The British Red Cross is at the forefront of the response to the coronavirus pandemic, supporting those hardest hit by providing practical and emotional support through their national support line, getting cash grants, food and other essential supplies to people in urgent need, and helping the NHS to transport patients safely home from hospital.
In recognition of the incredible work carried out by the British Red Cross every day, The Royal Mint has donated 150 of the brilliant uncirculated commemorative British Red Cross coins to volunteers and staff nominated by their colleagues as a thank you for all of their continuous hard work and dedication.
This includes Emergency Response volunteer Sandra Fisher from Newport, South Wales who has been volunteering for 27 years. Sandra usually provides support to people caught up in emergencies, like flooding or house fires but has more recently been providing practical and emotional support through the British Red Cross national support line for coronavirus, whilst isolating at home.
Designed by Henry Gray, the coin celebrates 150 years of kindness. It reflects the British Red Cross’s work in the UK and as part of the world’s largest global humanitarian movement. The idea of connectivity is central to the design, with overlapping lines representing what we can achieve when we work together. The edge inscription around the coin bears the powerful words of the Movement, ‘PER HUMANITATEM AD PACEM’, which translates to ‘THROUGH HUMANITY TO PEACE’.
Available in limited-edition Gold Proof, Silver Proof Piedfort and Silver Proof, as well as a Brilliant Uncirculated edition. The Silver and Brilliant Uncirculated versions features the iconic Red Cross emblem in vivid red colour – a symbol synonymous with the charity.

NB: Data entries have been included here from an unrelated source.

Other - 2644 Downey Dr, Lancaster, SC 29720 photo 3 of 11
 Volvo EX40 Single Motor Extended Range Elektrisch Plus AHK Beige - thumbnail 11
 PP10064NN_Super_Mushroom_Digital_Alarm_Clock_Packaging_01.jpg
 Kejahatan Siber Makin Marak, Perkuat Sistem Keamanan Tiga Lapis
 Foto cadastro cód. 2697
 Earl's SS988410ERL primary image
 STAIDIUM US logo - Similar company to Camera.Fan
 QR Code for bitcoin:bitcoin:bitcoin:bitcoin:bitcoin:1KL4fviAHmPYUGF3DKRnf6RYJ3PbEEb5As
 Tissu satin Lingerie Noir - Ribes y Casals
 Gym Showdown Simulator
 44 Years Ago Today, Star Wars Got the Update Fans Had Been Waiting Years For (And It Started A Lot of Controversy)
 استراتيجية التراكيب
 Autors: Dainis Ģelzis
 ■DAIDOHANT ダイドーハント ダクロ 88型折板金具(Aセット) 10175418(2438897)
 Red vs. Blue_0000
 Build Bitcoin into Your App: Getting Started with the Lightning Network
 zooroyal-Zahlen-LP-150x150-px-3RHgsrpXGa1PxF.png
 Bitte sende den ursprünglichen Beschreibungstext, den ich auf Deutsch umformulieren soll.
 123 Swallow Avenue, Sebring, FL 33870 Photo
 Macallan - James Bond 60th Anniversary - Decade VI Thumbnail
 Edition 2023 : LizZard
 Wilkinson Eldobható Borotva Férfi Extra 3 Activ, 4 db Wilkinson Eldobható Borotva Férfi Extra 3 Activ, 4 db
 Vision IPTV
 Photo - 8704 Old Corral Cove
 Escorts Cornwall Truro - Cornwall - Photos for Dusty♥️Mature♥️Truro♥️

The Red Cross Movement began in 1863 with Henry Dunant and his inspiration for a kinder world. Appalled by the suffering he saw on all sides of a war, Henry Dunant called for all nations to come together to create trained volunteer relief groups to treat those sick and wounded on the battlefield, regardless of the side to which they belonged. Following the outbreak of the Franco-Prussian War in 1870, the National Society for Aid to the Sick and Wounded in War was formed in Britain on the basis of these fundamental principles. The Society was renamed the British Red Cross and was granted its first Royal Charter in 1908 by Edward VII.
Today, the British Red Cross ensures that people get the help they need in a crisis, whoever and wherever they are. From supporting refugees, and people seeking asylum, people facing loneliness or health inequalities, and those affected by emergencies such as flooding or house fires. They work to make community connections stronger, so that people are more resilient in a crisis.
Clare Maclennan, Divisional Director of Commemorative Coin at The Royal Mint said, “We are proud to be producing a commemorative £5 coin dedicated to the British Red Cross and celebrating not only their 150th anniversary but also the extraordinary efforts of this national institution. At the centre of the coin’s design is the iconic Red Cross emblem in vivid red colour – a symbol synonymous with the charity. For 150 years, the British Red Cross has stood by and supported people through crisis and this year has been no exception. Their constant dedication to supporting the nation during the coronavirus pandemic has been instrumental in making a difference and for that we at The Royal Mint are eternally grateful for the work they do each day.”